Michelle Dizon

Michelle Dizon’s work White Gaze is based on a collection of National Geographic magazines from the 1930s to the early 2000s that Dizon bought at a flea market. By preserving the pictures presented in the magazines intact but editing out parts of the accompanying text, Dizon underscores the racist stereotypes contained in the originals. By making use of a magazine that is recognized globally and has for decades provided a window on the surrounding world, Dizon makes visible the role of photography and the mass media in the spread of colonialist and imperialist ways of seeing.

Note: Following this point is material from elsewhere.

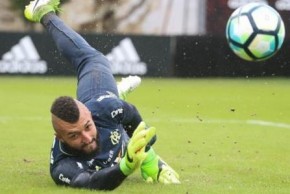 Procurando novos ares, goleiro Muralha pode retornar ao futebol japonês.(Imagem:Yahoo)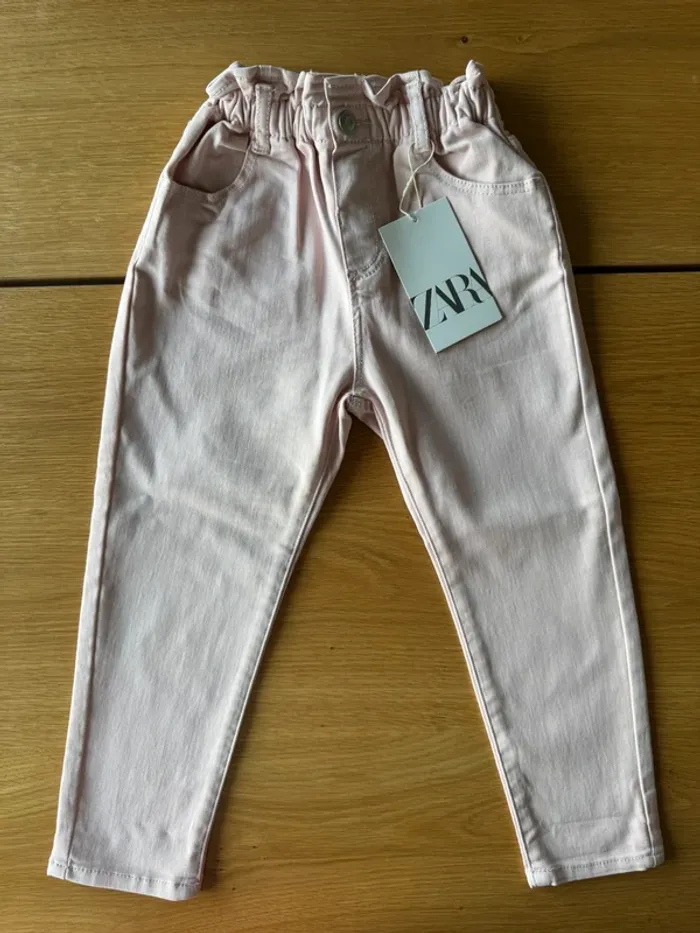 Pantalon taille haute rose pâle NEUF - Taille 4 Ans - photo numéro 2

In the installation The Archive’s Fold, Dizon uses images of the US colonial and postcolonial period in the Philippines, sourced from archives in the Philippines, the USA, her family albums, and the internet—to deal with the intergenerational legacies of colonial violence. The official archival photographs are contrasted with Dizon’s personal portrayal of an intimate realm where physical and spiritual remains are shared by the dead, the living, and the unborn. The piece takes the form of a conversation between Dizon’s great-great-grandmother in the year 1905 and her grandchild’s great-granddaughter in 2123. Both are named Latipa. The future Latipa lives in a time when climate catastrophe has made the Earth uninhabitable. She is now on her way to Proxima B, the closest planet to Earth believed to be capable of supporting human life. The work suggests that colonial assaults on people and the environment are deeply linked and have a devastating impact—lasting long after they are officially considered over.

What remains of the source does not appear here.